Total trade also fell for the ninth month in a row, after shipments to the United States and China saw sharper contractions in November.

While Malaysia is not the only country affected by persisting soft exports, the 43% year-on-year (y-o-y) slump in November’s trade surplus was too big to ignore.

The fact that the International Monetary Fund forecast a slower global growth of 2.9% in 2024, well below the historical 2000 to 2019 average of 3.8%, puts the external demand-reliant Malaysia in a tight position.

For now, analysts are still betting on the Malaysian trade to recover in 2024, although it could well be a bumpy road to recovery ahead.

Bank Muamalat Malaysia Bhd chief economist Mohd Afzanizam Abdul Rashid expects a “decent” export growth by early 2024 as the high base effects of 2022 and early 2023 wear off.

Additionally, the talks of possible interest rate cuts in the United States could spur some optimism in the global economy, he told StarBiz.
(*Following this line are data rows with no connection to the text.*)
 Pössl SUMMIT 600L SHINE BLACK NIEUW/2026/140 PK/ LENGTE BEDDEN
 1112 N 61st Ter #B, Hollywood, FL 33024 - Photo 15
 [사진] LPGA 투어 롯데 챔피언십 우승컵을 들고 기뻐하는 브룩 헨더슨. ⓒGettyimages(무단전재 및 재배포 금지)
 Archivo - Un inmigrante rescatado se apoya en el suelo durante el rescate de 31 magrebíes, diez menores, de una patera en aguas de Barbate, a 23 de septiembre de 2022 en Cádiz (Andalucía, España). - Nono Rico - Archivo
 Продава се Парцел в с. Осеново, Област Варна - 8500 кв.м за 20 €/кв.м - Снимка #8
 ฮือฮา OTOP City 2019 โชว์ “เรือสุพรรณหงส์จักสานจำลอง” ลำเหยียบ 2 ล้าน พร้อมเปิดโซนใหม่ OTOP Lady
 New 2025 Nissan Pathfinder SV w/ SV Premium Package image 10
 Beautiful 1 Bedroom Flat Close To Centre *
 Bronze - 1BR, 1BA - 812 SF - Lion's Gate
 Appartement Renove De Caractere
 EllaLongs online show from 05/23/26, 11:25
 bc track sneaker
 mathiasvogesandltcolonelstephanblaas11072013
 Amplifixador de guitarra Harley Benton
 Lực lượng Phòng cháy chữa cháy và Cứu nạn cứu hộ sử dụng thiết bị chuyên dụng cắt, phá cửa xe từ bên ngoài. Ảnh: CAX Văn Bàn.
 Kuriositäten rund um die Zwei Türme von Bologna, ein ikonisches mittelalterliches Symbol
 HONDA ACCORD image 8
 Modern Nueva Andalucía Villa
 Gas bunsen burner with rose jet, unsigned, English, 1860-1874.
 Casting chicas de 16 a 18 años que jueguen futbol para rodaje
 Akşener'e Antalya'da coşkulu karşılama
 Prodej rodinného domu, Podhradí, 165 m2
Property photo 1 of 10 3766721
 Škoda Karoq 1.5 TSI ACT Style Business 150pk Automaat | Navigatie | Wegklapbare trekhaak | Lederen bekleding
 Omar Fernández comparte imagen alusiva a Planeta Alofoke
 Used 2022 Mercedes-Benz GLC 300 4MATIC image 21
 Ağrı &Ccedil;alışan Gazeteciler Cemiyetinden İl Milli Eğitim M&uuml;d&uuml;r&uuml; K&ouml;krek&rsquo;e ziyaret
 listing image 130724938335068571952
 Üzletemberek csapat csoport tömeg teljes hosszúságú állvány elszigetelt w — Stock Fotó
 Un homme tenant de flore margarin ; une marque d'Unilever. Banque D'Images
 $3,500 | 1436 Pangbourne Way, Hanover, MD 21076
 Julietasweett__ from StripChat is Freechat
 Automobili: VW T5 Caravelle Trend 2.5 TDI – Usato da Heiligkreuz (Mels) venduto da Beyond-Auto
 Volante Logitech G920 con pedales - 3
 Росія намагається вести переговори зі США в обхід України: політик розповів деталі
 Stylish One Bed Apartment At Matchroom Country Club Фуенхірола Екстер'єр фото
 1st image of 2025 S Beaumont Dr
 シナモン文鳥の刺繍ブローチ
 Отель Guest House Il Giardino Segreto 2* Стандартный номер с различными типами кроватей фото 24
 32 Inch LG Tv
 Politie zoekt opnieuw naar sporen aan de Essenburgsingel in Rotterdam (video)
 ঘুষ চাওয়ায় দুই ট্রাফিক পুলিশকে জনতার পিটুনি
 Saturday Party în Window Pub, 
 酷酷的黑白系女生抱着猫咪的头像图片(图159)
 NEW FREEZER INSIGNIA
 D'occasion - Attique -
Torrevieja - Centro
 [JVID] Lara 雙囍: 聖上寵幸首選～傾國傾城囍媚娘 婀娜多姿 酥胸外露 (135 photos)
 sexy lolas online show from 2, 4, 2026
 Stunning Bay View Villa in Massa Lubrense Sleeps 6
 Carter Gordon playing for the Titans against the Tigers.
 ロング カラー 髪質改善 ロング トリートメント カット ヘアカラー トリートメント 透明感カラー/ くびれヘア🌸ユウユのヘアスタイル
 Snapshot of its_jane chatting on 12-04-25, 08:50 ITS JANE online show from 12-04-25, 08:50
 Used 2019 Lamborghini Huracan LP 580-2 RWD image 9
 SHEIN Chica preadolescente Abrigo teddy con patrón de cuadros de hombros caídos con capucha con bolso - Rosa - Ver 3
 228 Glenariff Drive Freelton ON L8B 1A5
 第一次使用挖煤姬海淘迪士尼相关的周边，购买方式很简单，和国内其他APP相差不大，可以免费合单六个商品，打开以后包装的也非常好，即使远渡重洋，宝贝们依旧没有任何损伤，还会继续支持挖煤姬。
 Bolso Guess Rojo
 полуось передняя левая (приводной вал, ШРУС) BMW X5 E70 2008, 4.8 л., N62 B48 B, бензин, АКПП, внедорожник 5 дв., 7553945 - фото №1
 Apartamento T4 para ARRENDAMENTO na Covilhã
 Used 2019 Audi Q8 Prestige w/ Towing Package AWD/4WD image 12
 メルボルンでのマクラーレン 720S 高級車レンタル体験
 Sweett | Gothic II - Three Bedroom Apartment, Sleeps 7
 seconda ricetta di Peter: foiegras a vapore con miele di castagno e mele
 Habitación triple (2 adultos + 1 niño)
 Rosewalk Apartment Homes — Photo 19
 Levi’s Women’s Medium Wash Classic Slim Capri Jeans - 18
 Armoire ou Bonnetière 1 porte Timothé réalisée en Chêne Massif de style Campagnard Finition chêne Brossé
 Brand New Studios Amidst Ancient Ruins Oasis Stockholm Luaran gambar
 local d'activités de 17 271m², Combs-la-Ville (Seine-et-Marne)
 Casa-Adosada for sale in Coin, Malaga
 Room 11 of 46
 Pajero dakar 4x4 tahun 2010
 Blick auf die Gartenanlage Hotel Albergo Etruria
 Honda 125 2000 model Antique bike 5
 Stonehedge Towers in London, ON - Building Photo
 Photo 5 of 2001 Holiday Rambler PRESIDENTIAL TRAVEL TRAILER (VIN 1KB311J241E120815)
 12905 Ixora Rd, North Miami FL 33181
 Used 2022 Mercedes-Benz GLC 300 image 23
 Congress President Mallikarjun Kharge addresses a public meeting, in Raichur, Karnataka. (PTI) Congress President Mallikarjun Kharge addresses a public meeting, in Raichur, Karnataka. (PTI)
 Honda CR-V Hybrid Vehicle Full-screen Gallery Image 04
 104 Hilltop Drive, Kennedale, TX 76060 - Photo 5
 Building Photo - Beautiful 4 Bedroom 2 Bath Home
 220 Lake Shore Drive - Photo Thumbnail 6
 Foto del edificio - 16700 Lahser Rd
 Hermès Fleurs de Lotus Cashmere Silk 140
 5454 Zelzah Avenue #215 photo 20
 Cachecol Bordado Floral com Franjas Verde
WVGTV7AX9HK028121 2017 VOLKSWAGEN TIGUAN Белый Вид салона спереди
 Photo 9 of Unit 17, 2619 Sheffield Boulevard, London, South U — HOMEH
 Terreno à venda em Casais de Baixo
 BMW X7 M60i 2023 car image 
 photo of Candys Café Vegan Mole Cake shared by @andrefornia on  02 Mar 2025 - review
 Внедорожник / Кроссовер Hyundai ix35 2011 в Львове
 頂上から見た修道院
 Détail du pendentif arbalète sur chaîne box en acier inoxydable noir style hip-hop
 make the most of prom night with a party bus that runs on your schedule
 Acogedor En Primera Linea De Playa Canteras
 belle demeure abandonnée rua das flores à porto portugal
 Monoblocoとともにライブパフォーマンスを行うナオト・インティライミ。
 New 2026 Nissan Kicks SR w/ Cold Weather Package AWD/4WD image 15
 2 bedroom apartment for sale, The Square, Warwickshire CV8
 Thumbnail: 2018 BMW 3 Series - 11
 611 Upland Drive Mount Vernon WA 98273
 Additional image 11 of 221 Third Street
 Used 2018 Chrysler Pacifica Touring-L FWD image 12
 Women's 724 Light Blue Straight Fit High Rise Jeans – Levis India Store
“Perhaps, economic stimulus from China could also instill expectations that the second largest economy would remain steady in 2024,” said Mohd Afzanizam.

Socio Economic Research Centre (SERC) executive director Lee Heng Guie also said that exports are likely to recover gradually in the first six months of next year.

This is on the back of a bottoming technology and electronics demand downcycle.

“Generative artificial intelligence, electric vehicles and a recovery in personal computers and 5G smartphones will provide some tailwinds to the chips industry in 2024.

“Crude palm oil and crude oil prices are expected to increase moderately at RM4,000 per tonne in 2024 (estimated RM3,850 in 2023) and US$84 per barrel in 2024 (estimated US$82.50 per barrel in 2023).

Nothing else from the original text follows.